遺愛女子中学・高校は1874年に創設され、その4年前に設立された女子学院(東京)やフェリス(横浜)に次いで歴史がある女学校だ。創立者はM・C・ハリス夫妻。クラーク博士のもと札幌農学校で学んだ内村鑑三たち札幌バンドのメンバーに洗礼を授けた宣教師として有名だ。

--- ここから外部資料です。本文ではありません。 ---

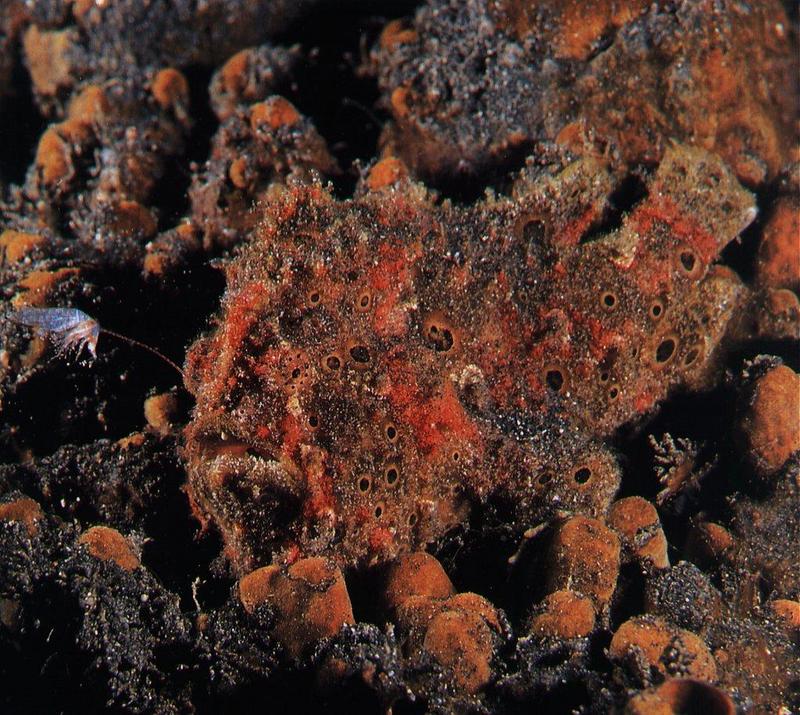 Painted Frogfish (Antennarius pictus) {!--영지씬벵이-->; DISPLAY FULL IMAGE.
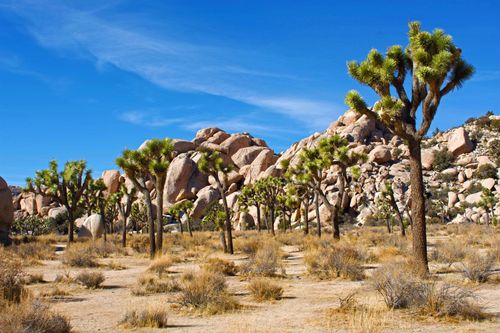 Free Vibrant desert scene featuring Joshua trees and clear blue skies at Joshua Tree National Park. Stock Photo
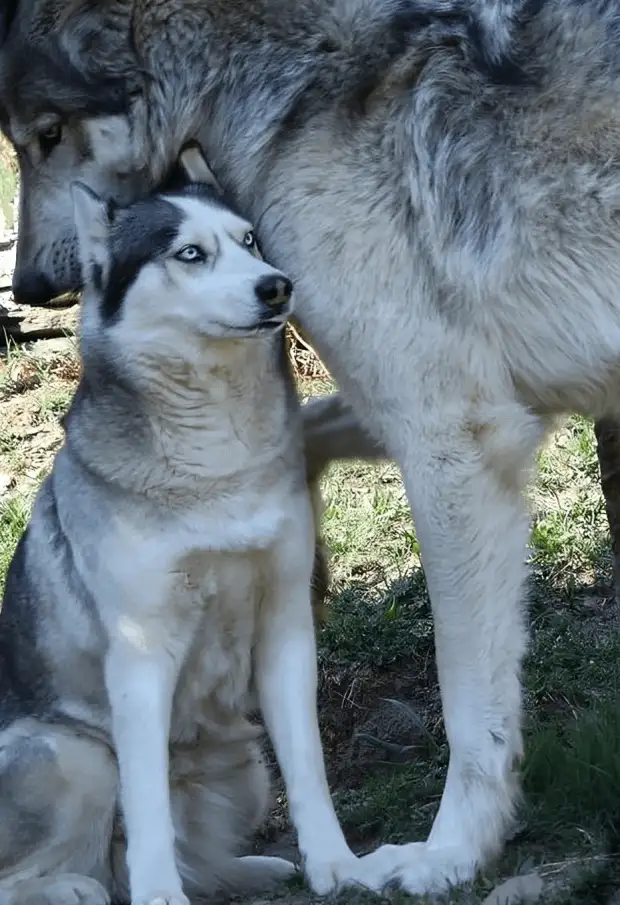A husky sits calmly on grass while a larger wolf stands behind it, nuzzling its neck. The husky looks off to the side with a…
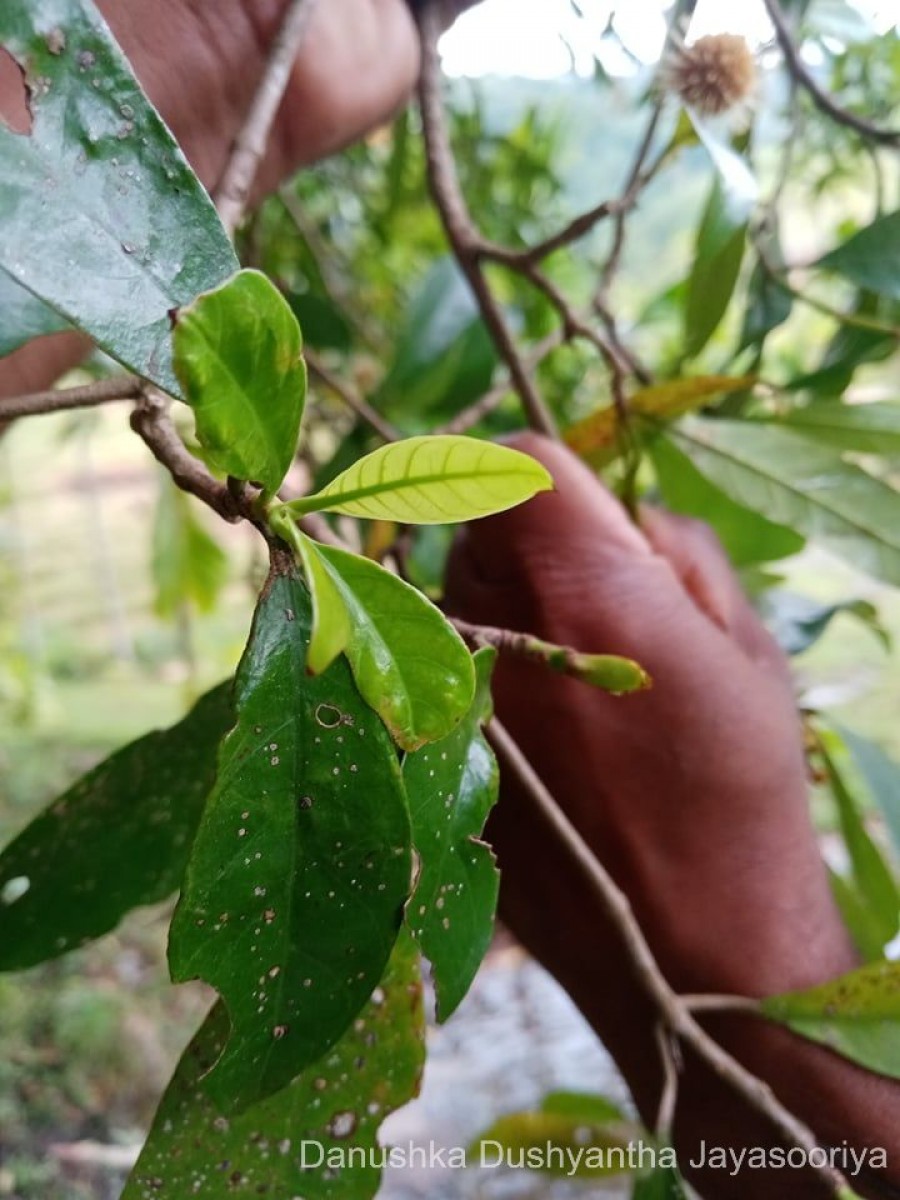 Diyaminauclea zeylanica (Hook.f.) Ridsdale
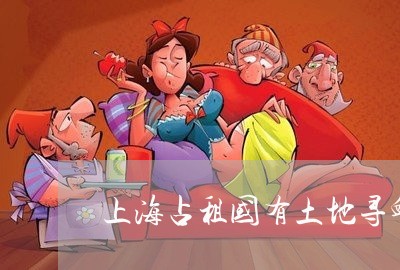 上海占租国有土地寻衅滋事罪/2023032849369 上海占租国有土地寻衅滋事罪/2023032849369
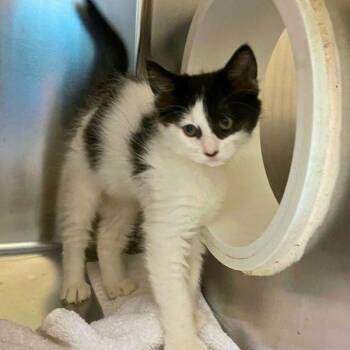 Patio -  Domestic Short Hair Cat for Adoption in Walnut Creek, California - Patio | PetCurious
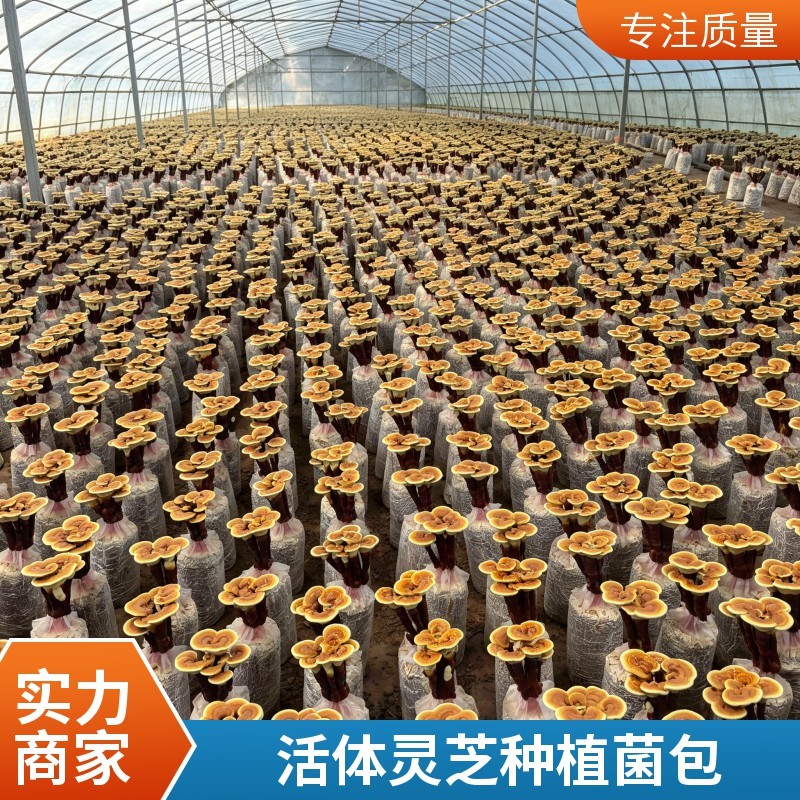 活体灵芝菌包盆栽家庭培育观赏食用菌盆景灵芝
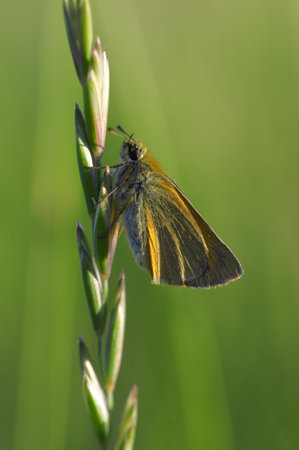 A butterfly is any of several groups of mainly day-flying insects of the order Lepidoptera, the butterflies and moths.の写真素材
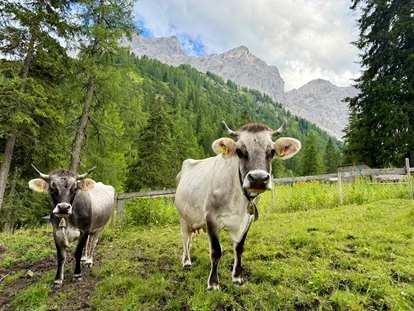Naturhotel - Ferienwohnungen - Umhausen - Tiroler Grauvieh auf der Tarrenton Alm  - il nido
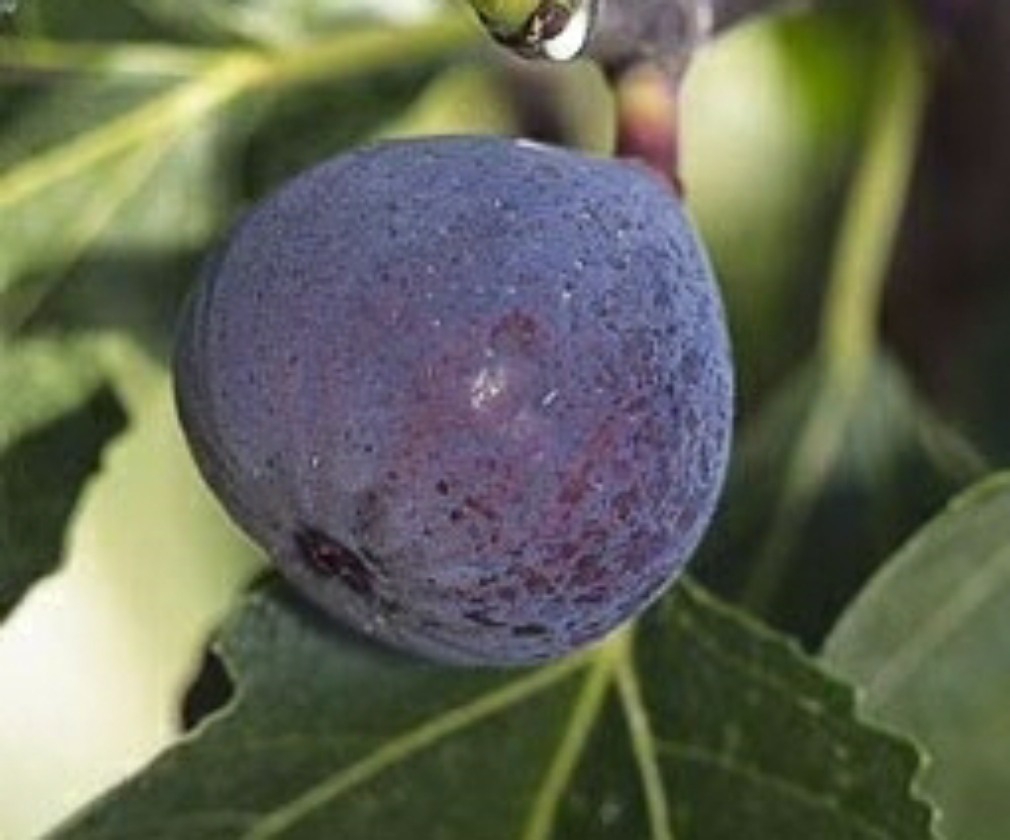 Rouge De Bordeaux (2L Pot)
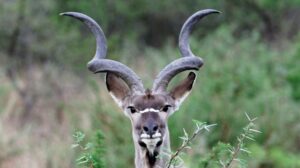 Kudu (up to 54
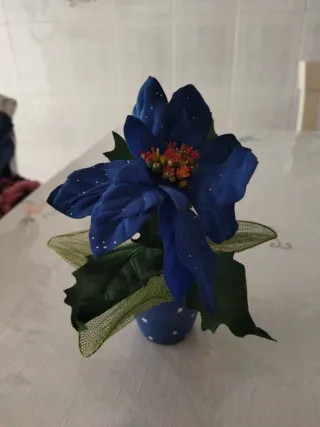 Stella di Natale blu piccola in vaso
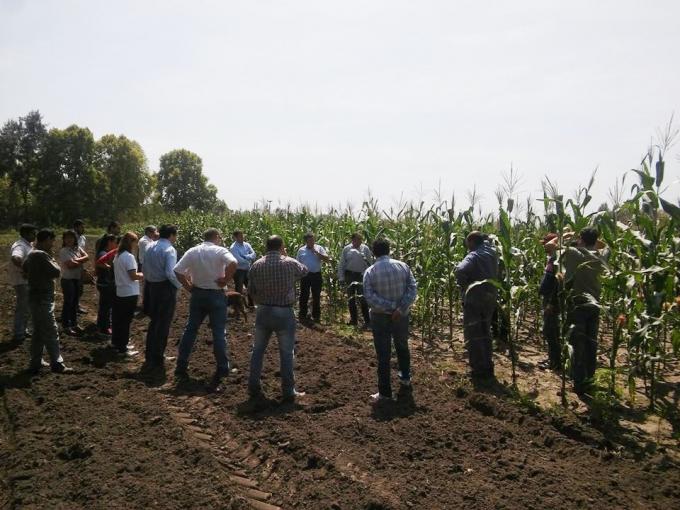 Maíz: Las variedades desarrolladas por INTA tienen buena adaptación en Tucumán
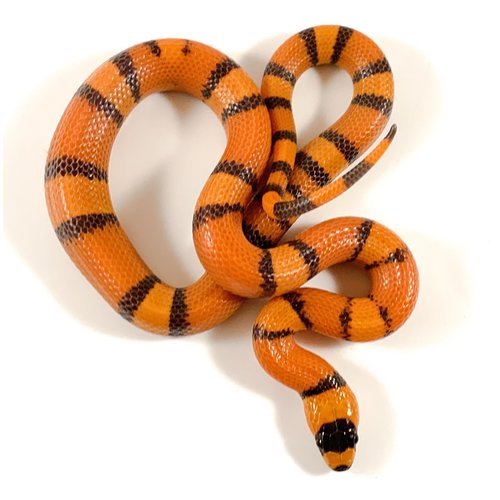 (WYSIWYG 10495) Hypo Tangerine Honduran Milksnake Baby (WYSIWYG 10495) Hypo Tangerine Honduran Milksnake Baby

特にフローラ夫人は日本女性の教育の必要性を痛感し、来日した年に日々学校(Day School)を開設したのが遺愛学院の始まりといわれる。

また夫人が米国メソジスト監督教会婦人伝道局の機関誌でそのことを報告したところ、カロライン・ライト夫人が亡き娘のために蓄えていた教育資金1800ドルを献げたという。これが「遺愛」の名の由来となった。そして1882年、函館・元町の高台に洋風の校舎が開校された。

古くは、石坂洋次郎の青春小説「若い人」の舞台である高校のモデルとなった同校だが、その美しい校舎やキャンパスは多くの映画やドラマ、CMでも使われてきた。中でもジェームズ・ガーディナーが設計した本館校舎(本館)と、「ホワイトハウス」と呼ばれる旧遺愛女学校宣教館は国の重要文化財に指定されている。

著名な卒業生として、石川啄木の娘の京子、元ジュディー&マリーのYUKI、叶和貴子や中原理恵がいる。